● **What is expected**: Return a copy of every line in the data below that contains "with".

* * * * * * * * *

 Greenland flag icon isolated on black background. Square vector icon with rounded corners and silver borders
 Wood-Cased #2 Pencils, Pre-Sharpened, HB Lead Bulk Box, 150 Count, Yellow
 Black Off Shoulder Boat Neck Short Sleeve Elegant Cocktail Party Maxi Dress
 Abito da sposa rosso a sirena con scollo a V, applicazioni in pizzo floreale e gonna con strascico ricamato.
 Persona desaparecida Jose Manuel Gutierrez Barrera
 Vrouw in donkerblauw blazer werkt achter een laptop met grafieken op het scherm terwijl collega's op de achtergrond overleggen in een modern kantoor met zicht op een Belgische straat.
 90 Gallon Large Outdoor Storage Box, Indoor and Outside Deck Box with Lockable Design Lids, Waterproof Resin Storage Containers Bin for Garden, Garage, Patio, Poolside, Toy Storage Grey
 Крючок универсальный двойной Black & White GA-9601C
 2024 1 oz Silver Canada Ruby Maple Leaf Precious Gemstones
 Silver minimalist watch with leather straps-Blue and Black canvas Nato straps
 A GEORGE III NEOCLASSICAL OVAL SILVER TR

* * * * * * * * *

● **Exercise result**:
 Greenland flag icon isolated on black background. Square vector icon with rounded corners and silver borders
 90 Gallon Large Outdoor Storage Box, Indoor and Outside Deck Box with Lockable Design Lids, Waterproof Resin Storage Containers Bin for Garden, Garage, Patio, Poolside, Toy Storage Grey
 Silver minimalist watch with leather straps-Blue and Black canvas Nato straps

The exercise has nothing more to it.